[train] Fix broken tune tests and support ray storage #38950

justinvyu · 2023-08-26T19:39:03Z

Why are these changes needed?

This PR re-introduces support for ray storage ray.init(storage="s3://...") and fixes a broken tune controller test.

Related issue number

Checks

I've signed off every commit(by using the -s flag, i.e., git commit -s) in this PR.
I've run scripts/format.sh to lint the changes in this PR.
I've included any doc changes needed for https://docs.ray.io/en/master/.
- I've added any new APIs to the API Reference. For example, if I added a
  method in Tune, I've added it in doc/source/tune/api/ under the
  corresponding .rst file.
I've made sure the tests are passing. Note that there might be a few flaky tests, see the recent failures at https://flakey-tests.ray.io/
Testing Strategy
- Unit tests
- Release tests
- This PR is not tested :(

Signed-off-by: Justin Yu <justinvyu@anyscale.com>

…pens Signed-off-by: Justin Yu <justinvyu@anyscale.com>

Signed-off-by: Justin Yu <justinvyu@anyscale.com>

justinvyu · 2023-08-26T19:42:00Z

python/ray/tune/execution/tune_controller.py

+            # If a decision is already cached, don't override it for CONTINUE/NOOP
+            # decisions. Only escalate the cached decision to a STOP/PAUSE if requested.
+            # This is only very relevant for pausing trials, since we cache a PAUSE
+            # decision to happen after a save finishes.
+            # We need to make sure that we don't override it in the
+            # time between the save operation starting and finishing.
+            if decision in [TrialScheduler.STOP, TrialScheduler.PAUSE]:
+                self._cached_trial_decisions[trial.trial_id] = decision


this is pretty confusing -- we do pause + save checkpoint as 2 steps:

first time we try to schedule a pause, we schedule a save instead. then we CACHE a pause decision.

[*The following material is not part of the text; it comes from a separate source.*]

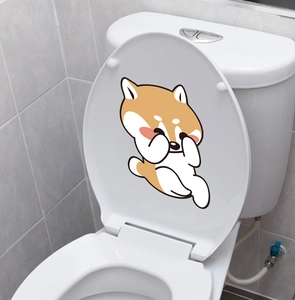 Close-up of cute cartoon Shiba Inu dog sticker applied inside a white toilet lid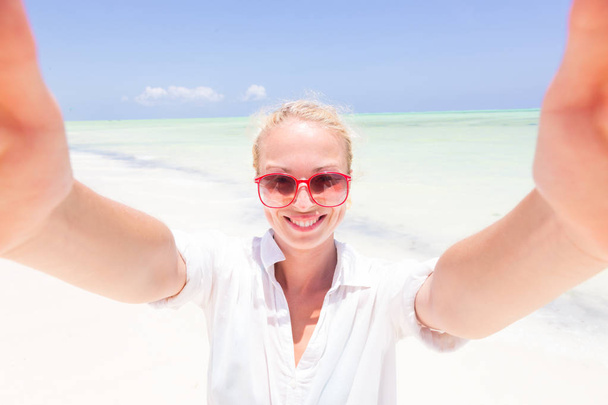 Młoda kobieta ubrana w białą plażę tunika biorąc selfie na tropikalnej, piaszczystej plaży. - Zdjęcie, obraz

then, once the save finishes, we pop the cached decision and execute it, which should be a PAUSE again, in which case we enter the should_checkpoint=False condition and just stop the trial and set the status to PAUSED.

In between these 2 steps, if the scheduler outputs some decision that's not PAUSED (ex: NOOP), then this thing will just hang forever. So we need to make sure that the cached PAUSE decision is not overriden by something random while the save is happening.

I allow STOP decisions to override, but unclear if this ever happens..

Hm, the _cached_trial_decision is only updated on saves. The scheduler actions only affect _queued_trial_decision. (I know the naming is confusing... happy to rename it).

Does this still come up? Is this like a double triggered save? In that case, should we have this line:

if trial.temporary_state.saving_to: # If a save is already in progress, don't schedule another one. return trial.temporary_state.saving_to

in the new storage path _schedule_trial_save as well?

I see, you're right. The problem is a little different from what I described above. Here's what's actually happening to cause that unit test to fail:

The test defines a scheduler that manually calls tune_controller.pause_trial(trial) during the on_trial_result hook

should_checkpoint=True by default, so this will schedule a SAVE and set the cached trial decision here:

ray/python/ray/tune/execution/tune_controller.py

Line 1631 in 3984b85

self._cached_trial_decisions[trial.trial_id] = TrialScheduler.PAUSE

At this point, we return a NOOP trial scheduler decision (since we paused manually) and end up here:

ray/python/ray/tune/execution/tune_controller.py

Lines 1767 to 1768 in 3984b85

decision = self._scheduler_alg.on_trial_result(

self._wrapped(), trial, flat_result

The trial IS SAVING at this point, so we enter this block:

ray/python/ray/tune/execution/tune_controller.py

Lines 1806 to 1820 in 3984b85

if trial.is_saving:

logger.debug(f"Caching trial decision for trial {trial}: {decision}")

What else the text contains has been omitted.